INUVIK, Northwest Territories — Beneath the melting ice of the Arctic Ocean, the world’s last great land grab is under way.

Global warming is opening the Northwest Passage that sailing ships sought 500 years ago, and some of the world’s biggest oil reserves are becoming accessible under the polar sea. Russia, America, Canada, Norway, and Denmark are jockeying for territory in moves that could end up in clashing claims.

With an eye on asserting Canada’s stake, Canada’s prime minister, Stephen Harper, and his cabinet will travel this week to the Arctic town of Inuvik, as the country completes its largest-ever military exercise in the region. The town, where the summer sun never sets, lies 2,548 miles from Ottawa.

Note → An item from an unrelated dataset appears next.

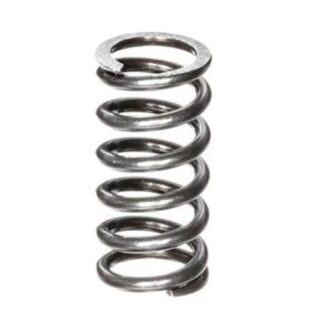 MOLA INFERIOR DE PRESSAO DA ESFERA DO TAPS GASGAS ( 58038023300 )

“You have the recipe for trouble if there isn’t real energy invested early to help resolve some of these issues,” a fellow at the Council on Foreign Relations in New York, Scott Borgerson, said. “You can envisage a future in which all the ice is gone, there is this wild-west environment in terms of lack of respect for whatever national law.”

Western nations are playing catch-up in laying claim to the Arctic. Russia, which planted a titanium flag on the Arctic seabed last year, already deploys strategic-bomber flights to patrol the region. It has also begun training troops for combat in the far north, where temperatures can drop to less than -70 degrees Fahrenheit.

If Arctic disputes come to a head, the divide between leaders in Moscow and the West may soon stretch beyond Georgia, where a war with Russia broke out this month over the breakaway region of South Ossetia.

“Events in Georgia should wake people up to what the Russians have been doing,” an associate director of the University of Calgary’s Center for Military and Strategic Studies, ” Rob Huebert, said.